Semantics: A mapping from formal language expressions to real world
facts.
Proposition: An abstract representation of a fact.
Propositional logic: A special formal language which can work on
propositions.
Propositional logic formula:
* An uppercase letter (standing for a proposition) OR
* A string of the form ~X where X is a formula OR
* A string of the form A /\ B where A and B are formulas OR
* A string of the form A \/ B where A and B are formulas
First order logic, FOL, predicate logic, PL: A special formal
language which extends propositional logic.
FOL variable: An undetermined component in FOL, written as a
lowercase letter (usually x,y,z).
FOL function: A function from terms to terms, written as a
lowercase letter (usually f,g,h) or with a name.
Examples: sin, f, sqrt, max, ...
FOL constant: A 0-place FOL function, usually given a proper
name.
Examples: wumpus, rollinger, 3, 5.0, ...
FOL term:
* a FOL variable OR
* a FOL function call
Example: sin(sqrt(max(x,y)))
FOL predicate: A relation on FOL terms, written
as an uppercase letter (usually P,Q,R).
Examples: P(x), Greater(7,sqrt(3))
FOL formula:
* A string of the form P(t1,t2,...tN) where P is a predicate and ti
are terms OR
* A string of the form ~X where X is a formula OR
* A string of the form A /\ B where A and B are formulas OR
* A string of the form A \/ B where A and B are formulas OR
* A string of the form "All x: v" where x is a variable and v is a
formula OR
* A string of the form "Ex x: v" where x is a variable and v is a
formula
Bound FOL variable: A variable is bound in a formula Ex x: V if it
occurs in V. (Same with All x: V)
Free FOL variable: A variable is free if it is not bound.

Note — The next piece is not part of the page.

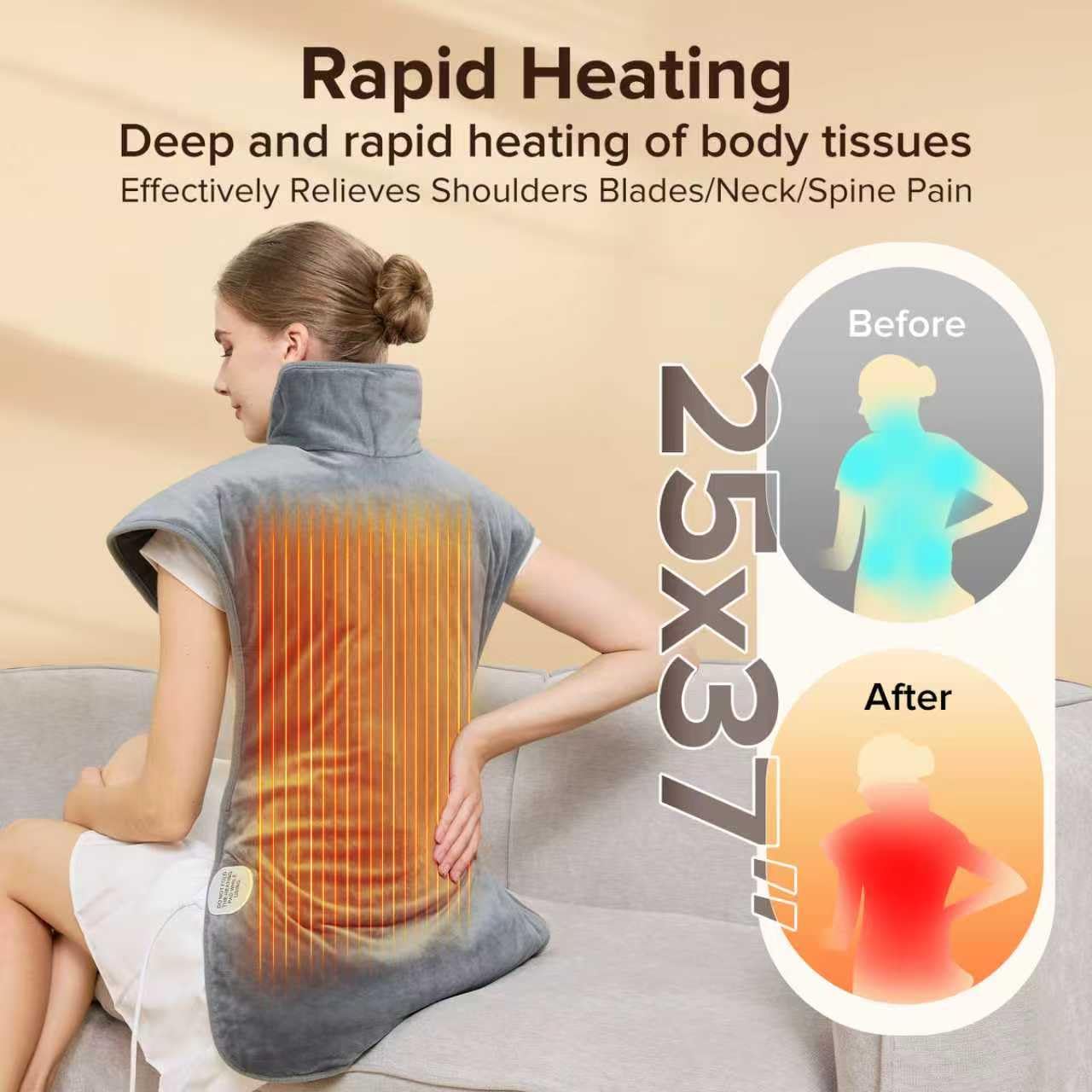Plush fabric heating pad applied to the abdomen for soothing menstrual cramps relief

FOL sentence: A formula without free variables.
Prenex form: A FOL formula with all its occurring quantifiers at the
beginning. For any FOL formula, there exists an equivalent formula
in prenex form. A FOL formula can be transformed to prenex form as
follows:
1. Rename all bound variables such that they are unique in the
formula
2. Move all quantifiers to the beginning. With outer-level AND- and
OR-expressions, this can be done by just wiping out the quantifier
and adding it at the beginning. All complex formulas have to be
transformed to simple AND- and OR- formulas.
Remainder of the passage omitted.